Ведь по замыслу Творца, несчастные животные, которые бродят в горах, забытые пастухами, вряд ли будут предоставлены воле судеб, когда он, Бенедикт, покинет этот мир? Такое просто невозможно. Пусть овцы это всего лишь овцы, но они – существа из крови и плоти и наделены душой. Разве можно назвать бездушной тварью Железяку? Или Льва? Или Факси? Разве их невинность и доверие стоят меньше зыбкой человеческой веры? Бенедикт покачал головой. Кем бы ни был его преемник, он не может пожелать ему ничего лучшего, чем такие попутчики. Тот, у кого есть такие друзья, не одинок в этом мире. У кого-то есть что-то большее. Но есть ли у кого-нибудь что-то лучшее? Было бы неблагодарностью сетовать на свою судьбу. Но Бенедикт таким неблагодарным и ограниченным не был. Никакие Божьи твари на земле не могут сравниться с тремя его друзьями. И связь человека с животным в своем роде священна и неразрывна. Однажды придется принять решение: этому – пулю, тому – нож. Это – плата. В этом и заключается ответственность. Долг распоряжаться не только их жизнью, но и смертью, насколько позволяет ум и совесть. Таково наше бытие. И это больно. Насколько больно, может представить себе лишь тот, кто испытал. В определенном смысле все существа – жертвенные животные. И сама жизнь – не жертва ли, если она правильно прожита? И разве не в этом загадка? В том, что жизненная сила внутри нас и есть самоотречение. И в том, что жизнь, которая по сути своей не жертва, – неправедная и кончится пустотой?

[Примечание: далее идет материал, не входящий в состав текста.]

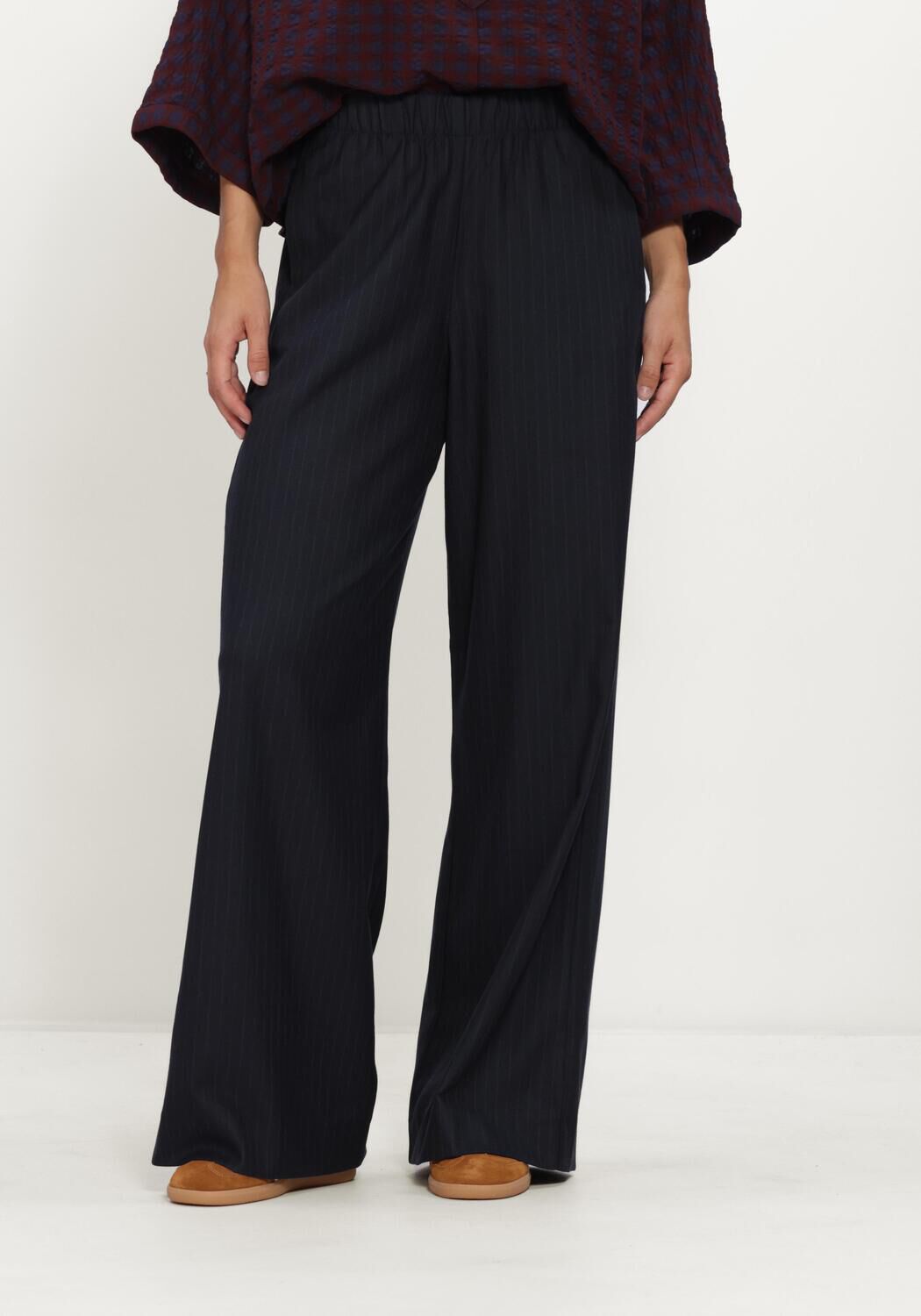 Dunkelblau BY-BAR Weite Hose CELIN PINSTRIPE PANTS - large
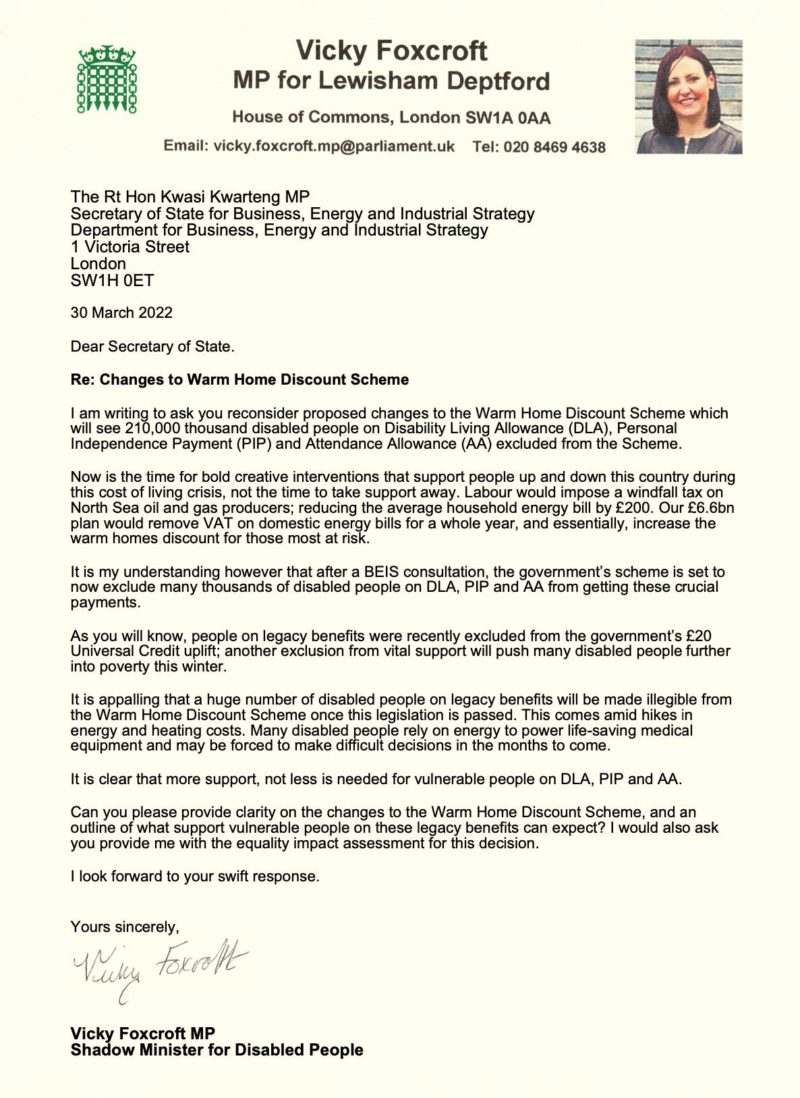 Picture of the letter to the BEIS Secretary 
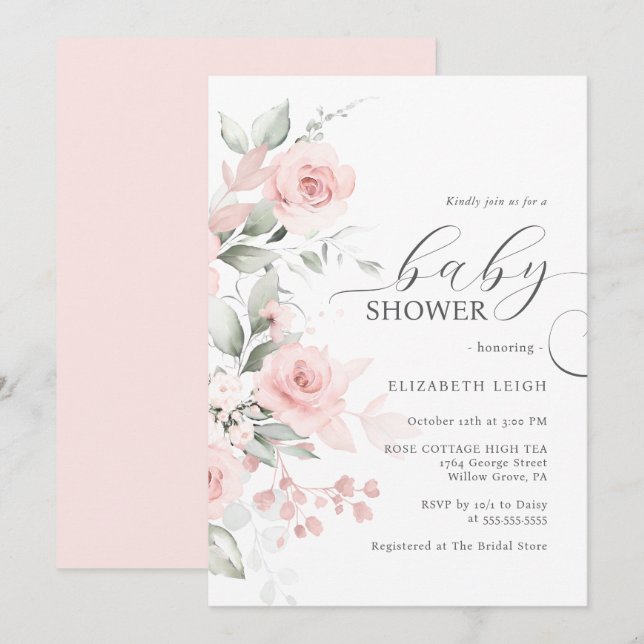 Elegante Rose Blush Pink Babydusche Einladung (Vorne/Hinten)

Довольно об этом. Это все равно не объяснить. Несомненно другое – то, что они втроем идут здесь ночью в лунном свете среди молчаливых гор, у них есть цель, и они это знают, знают все трое. Скромная, но все-таки цель.
Когда рассвело, звезды побледнели и горы потеряли свои очертания в утренних сумерках. В каждом рассвете есть какое-то освобождение и одновременно беспощадность. С наступлением дня просыпаются ветры. Сначала это были лишь мягкие тихие дуновения с разных сторон, словно в полусне пробуждающие жизнь в рыхлом, свежевыпавшем снеге. Но вскоре ветры выбрали себе направление и начали кататься верх и вниз по склонам, как на санках, перевозя сугробы. И как только исчезли последние очертания, больше ничего не было видно, не разглядишь даже, где смыкаются седая от снега земля и седое от снега небо. Облака, еще недавно лежавшие у снежного горизонта, свернувшись клубком, поднялись в воздух. Наконец от бледнеющей синевы ночи осталось лишь светлое пятно прямо над головой. И неожиданно обернулось сильной метелью, которая неистовствовала вокруг Бенедикта и его спутников, почти полностью их поглотила, и, хотя они шли вперед, как ни в чем не бывало, они едва видели самих себя, не говоря уже друг о друге. Но они стойко держались вместе. Снегопад был невиданной силы, и ветер ему под стать. При ходьбе было трудно дышать, и Бенедикт несколько раз начинал задыхаться, держался изо всех сил за веревку, другой конец которой был привязан к рогам Железяки, и, как мог, пробирался вперед. Льву пришлось заботиться о себе самому, и он отлично справлялся. Так и шла троица, шаг за шагом, брела, пошатываясь под мощными порывами ветра.